Duras est lue avec intérêt. On lui dédie même une émission télévisée, diffusée sur la chaîne nationale le 13 novembre 1953 1176 . Mais aussi elle commence à recevoir des critiques dures. Plusieurs publications se déchaînent contre ce roman. Il s’agit de La Libre Belgique 1177 qui n’y voit que des « dialogues creux. Jours creux. Flirts entre personnages creux ! » et Informateur critique qui annonce déjà que l’ « expérience de Marguerite Duras entre en déclin » 1178 . On est pourtant loin de la réalité, car Duras, comme le prouve son œuvre à venir, n’en était qu’à un quart de distance de ce qu’allait être son œuvre entière. Enfin, Beaux Arts Bruxelles déclare son ennui devant ce livre trop long, de deux cents pages, écrit, incroyable ! par Marguerite Duras ! à laquelle on transmet un message court : « Dommage ! car vous êtes un écrivain. » 1179 « Je ne suis pas ravi du dernier roman de Mme Marguerite Duras », écrit plus poliment un critique de Nouvelles littéraires 1180 . Il avoue l’avoir lu jusqu’au bout dans un esprit de pénitence et en grinçant les dents à cause du « désordre des sentiments égal à celui de la syntaxe. » D’ailleurs, « Duras ne veut écrire le français qu’en anglais » 1181 , note Luc Estang dans La Croix, pour dénoncer l’influence américaine sur l’œuvre durassienne.
Malgré les passages bien ennuyeux, signalés aussi par France Tireur 1182 , J.-L. Bory de Samedi soir trouve dans Les Petits chevaux de Tarquinia, « livre réussi » 1183 , bien des choses à louer.
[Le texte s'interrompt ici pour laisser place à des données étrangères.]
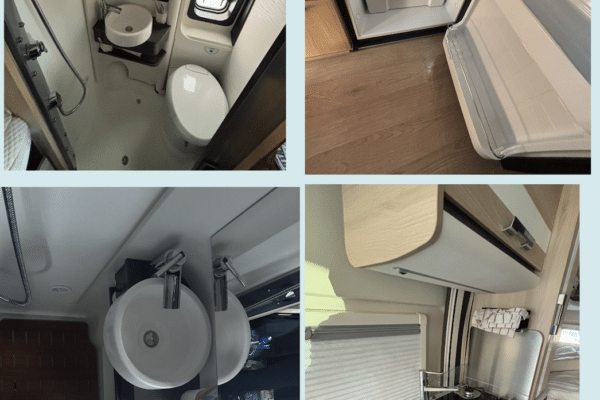 Intérieur camping-car : salle de bain et cuisine équipée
L’auteur de l’article, en quelque sorte déçu mais sûr à la fois de la « réussite » du livre, tient à préciser d’abord que Marguerite Duras a donné juste avant la publication de ce roman divers échantillons de son savoir-faire. « Lent, pesant, surchargé de dialogues en colimaçon, Les Petits chevaux… marquent une nouvelle étape dans la manière de l’auteur : la virtuosité de naguère a fait place à une sorte de gaucherie, d’embarras, de fausse candeur. » 1184 Duras réussit à communiquer parfaitement l’accablante oisiveté des personnages, érigés, malgré les apparences, en moralistes, considère le critique, quoiqu’on ne sache pas exactement si l’écrivain en fait la cible du livre : « Finalement, il vaut mieux aller visiter la nécropole étrusque de Tarquinia que de tromper son mari. L’héroïne de Marguerite Duras fait de nécessité vertu : voici un livre fort moral, en dépit des apparences. » 1185
Mais surtout on parle de la « logique implicite » 1186 de Duras, synonyme de l’écriture des subtilités. En effet, Duras s’en sert pour dire que rien ne se passe. Toutefois, « jamais néant ne ressembla davantage à l’être ». On ne fuit pas dans le roman la chaleur accablante à titre de température, « mais à titre justement d’égalité à soi, d’ennui, de fatalité. L’amitié et l’amour pèsent aussi lourd qu’elle, c’est pourquoi il faudrait, également, en sortir. » 1187 Comme le dit Laure Adler, Les Petits chevaux de Tarquinia est un roman « admirable sur l’amertume de l’amour » et un « traité magnifique sur le déclin de l’amitié. » 1188
On parle beaucoup de ce livre, mais on ne l’achète pas. Six ans plus tard, Marguerite n’aura vendu que 2023 exemplaires. Duras assume cet échec, mais elle n’arrête pas ; rien ne la décourage. Ce livre, qui, selon André Dalmas de La Tribune des nations, « enrichit la technique durassienne » 1189 , est « le plus contemporain, qui exprime l’homme actuel » 1190 . Il est suivi d’un autre, un recueil de récits, qui compense en quelque sorte cet échec.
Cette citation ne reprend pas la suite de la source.